U.S. stock futures were mixed Tuesday morning as traders assessed climbing oil prices, a flood of bank earnings, and the imminent arrival of June inflation data. Dow Jones Industrial Average futures fell roughly 0.9%, S&P 500 futures slipped 0.2%, and Nasdaq $NDAQ-100 futures rose 0.4%.
IBM $IBM stock fell 16% before the open after the company reported preliminary second-quarter adjusted earnings of $2.93 per share. That missed analyst expectations of $3.01 per share, according to CNBC.
Oil prices extended their climb Tuesday, with U.S. crude topping $80 per barrel, up 3.4% on the day. The move followed a 9%-plus surge in Brent crude on Monday — its biggest single-day gain since 2020 — after President Donald Trump announced he would reinstate a blockade on Iranian shipping through the Strait of Hormuz. "We are reinstating the THE IRANIAN BLOCKADE, so named because it is only stopping Iran's ships or customers from entering or leaving," Trump wrote on Truth Social. The announcement sent stocks lower on Monday.
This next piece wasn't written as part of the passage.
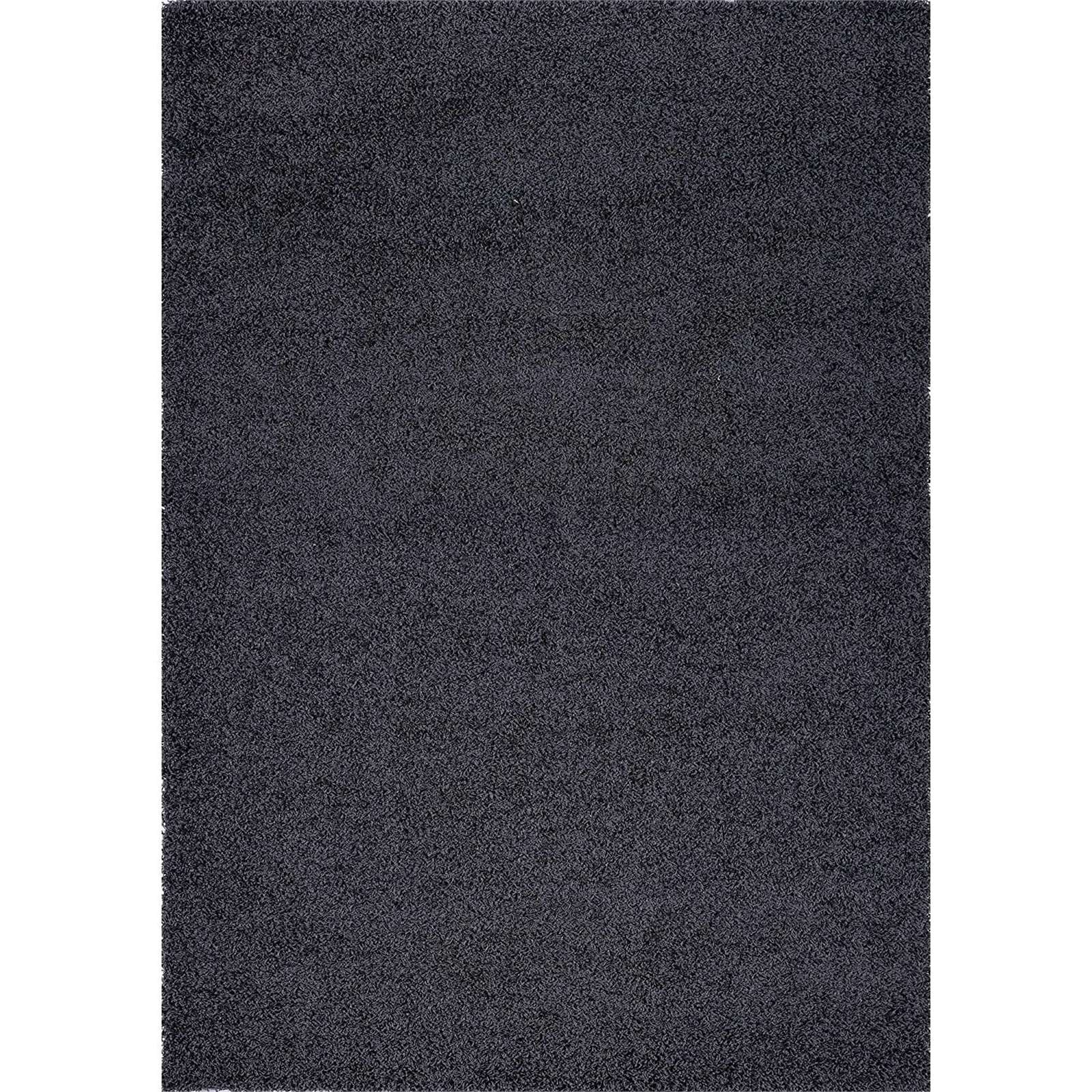 Pierre Cardin Unisex Colorado C006a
Major U.S. benchmarks fell in Monday's session on the back of the oil spike. Semiconductor stocks bounced back Tuesday, with the VanEck Semiconductor ETF up 1.8% ahead of the open. Among individual names, Applied Materials $AMAT, Lam Research $LRCX, STMicroelectronics, and Teradyne each gained more than 3%, with Micron $MU adding close to 3%.
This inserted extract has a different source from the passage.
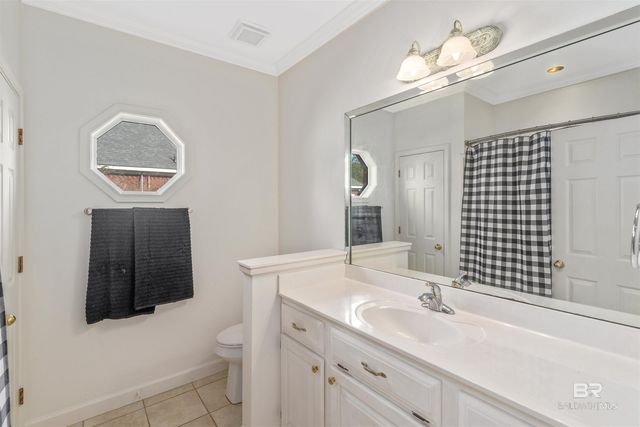 19203 County Road 13, Fairhope, AL 36532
Bank earnings also commanded attention. JPMorgan $JPM Chase, Bank of America $BAC, and Wells Fargo $WFC all reported second-quarter results, with the latter two posting profit jumps, according to The Wall Street Journal. Results from Goldman Sachs $GS and Citigroup $C were still pending as of Tuesday morning.
June's consumer price index is due out at 8:30 a.m. ET. Federal Reserve Chair Kevin Warsh is then scheduled to appear before Congress at 10 a.m. ET to deliver his semiannual monetary policy testimony — his first such appearance since taking over as Fed chair. With energy prices pushing higher, stagflation fears have returned to the fore, and futures markets now show roughly even odds that the Fed will raise rates within the next two weeks, according to The Wall Street Journal.
Treasury yields were pressing higher Tuesday, with the 10-year U.S. Treasury yield at 4.618%.